§ **WHAT YOU ARE ASKED TO DO**:
Only the pictures are dropped. Restate each line below word for word.

§ **DATA BLOCK**:
============

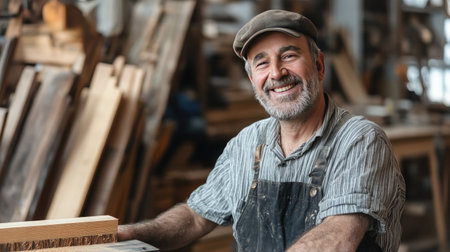 A contented middle-aged carpenter, smiling as he crafts wood in his workshop, the essence of dedication and craftsmanshipの素材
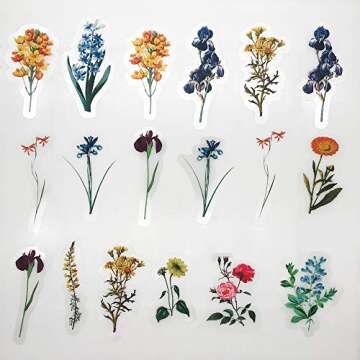 ZMLSED Vintage Natural Stickers, 40Pcs Pretty Floral Decorative Retro Adhesive Watercolor Aesthetic Trendy for Scrapbook Album DIY Craft Daily Planner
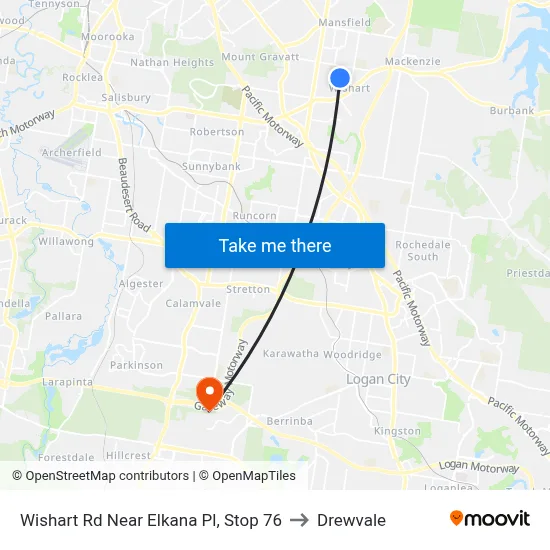 Wishart Rd Near Elkana Pl, Stop 76 to Drewvale map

============

§ **EXERCISE RESULT**:
 A contented middle-aged carpenter, smiling as he crafts wood in his workshop, the essence of dedication and craftsmanshipの素材
 ZMLSED Vintage Natural Stickers, 40Pcs Pretty Floral Decorative Retro Adhesive Watercolor Aesthetic Trendy for Scrapbook Album DIY Craft Daily Planner
 Wishart Rd Near Elkana Pl, Stop 76 to Drewvale map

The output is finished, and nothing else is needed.